* [Problem details]
Reprint all of the data below exactly as shown and skip every image.

Top of Data excerpt

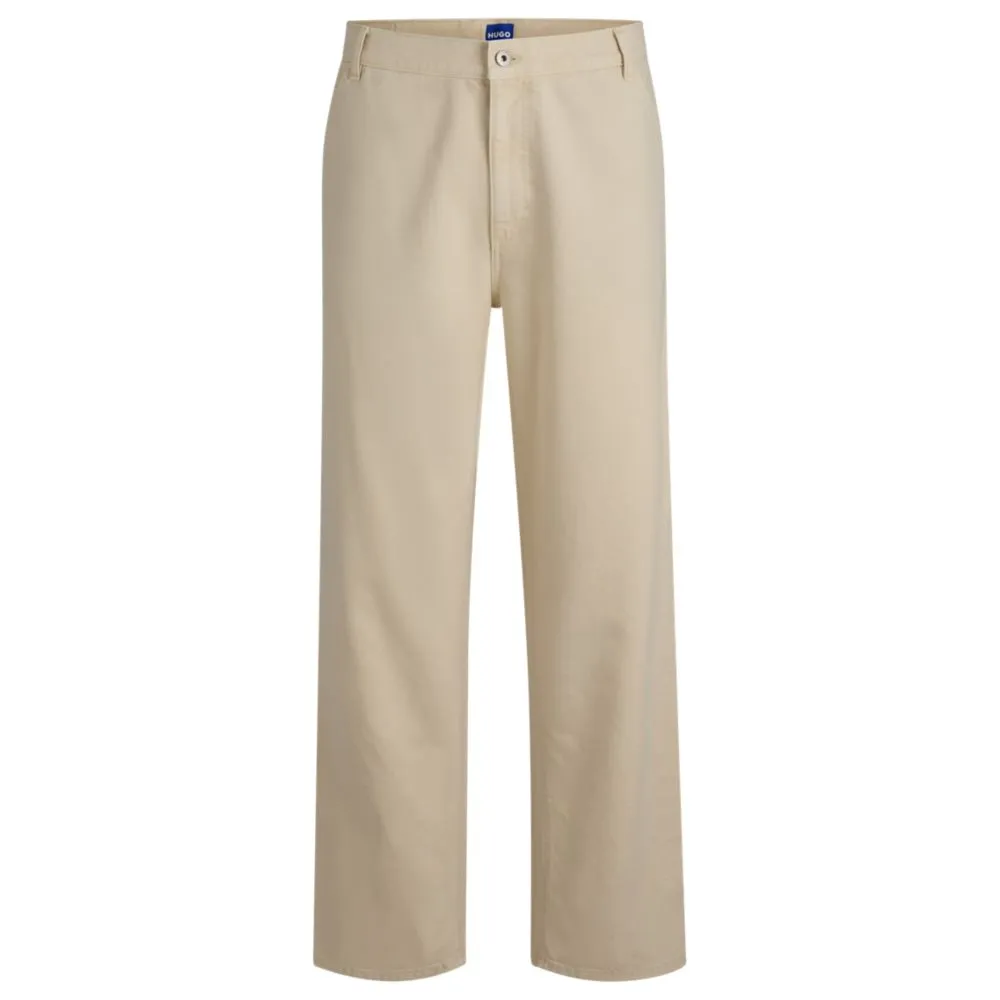 Pantalon ample en toile de coton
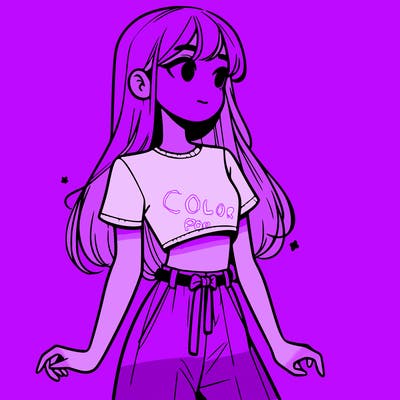 girl in a cute crop top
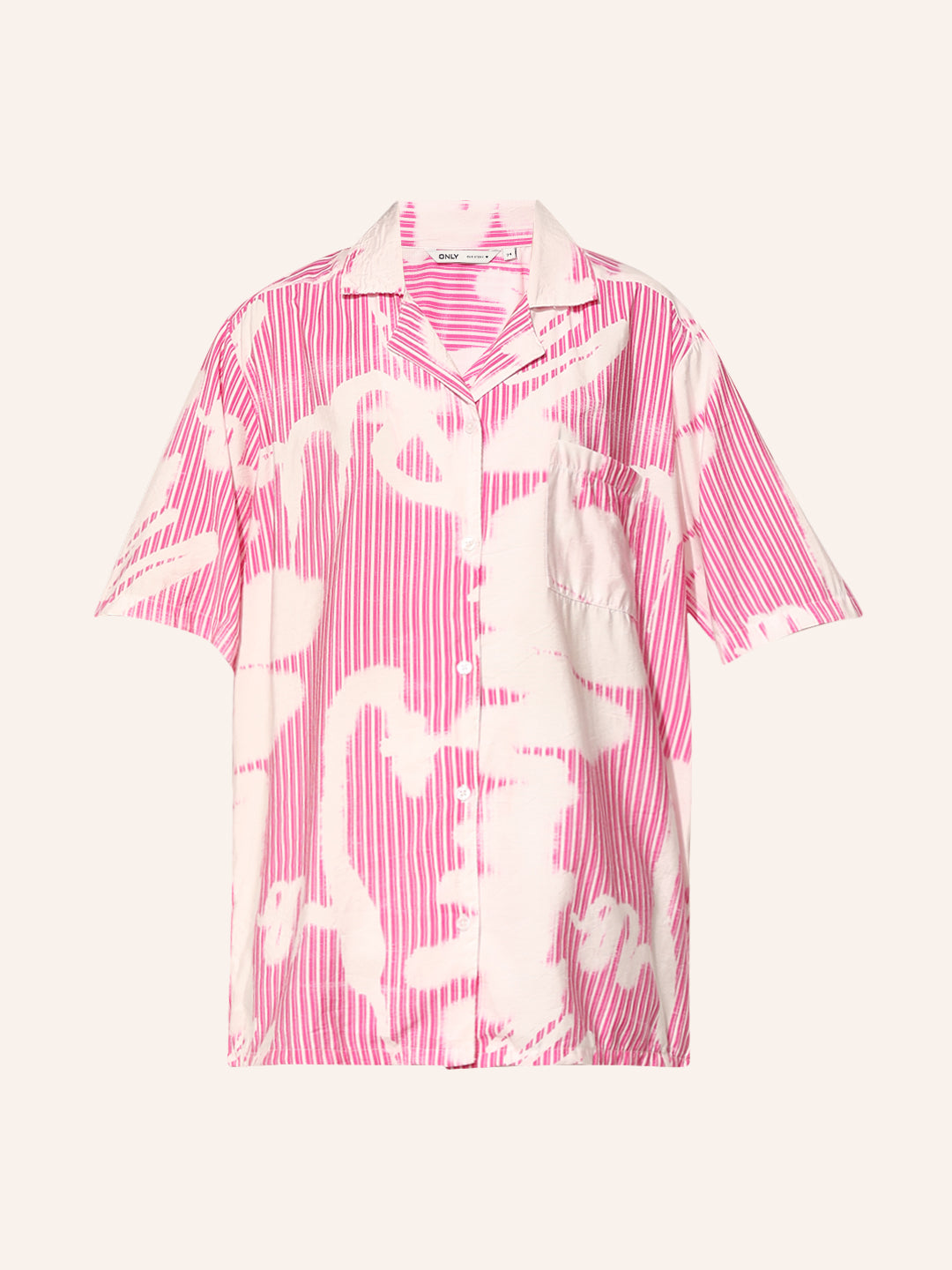 Pink Striped Oversized Shirt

Bottom of Data excerpt

* [Task result]
 Pantalon ample en toile de coton
 girl in a cute crop top
 Pink Striped Oversized Shirt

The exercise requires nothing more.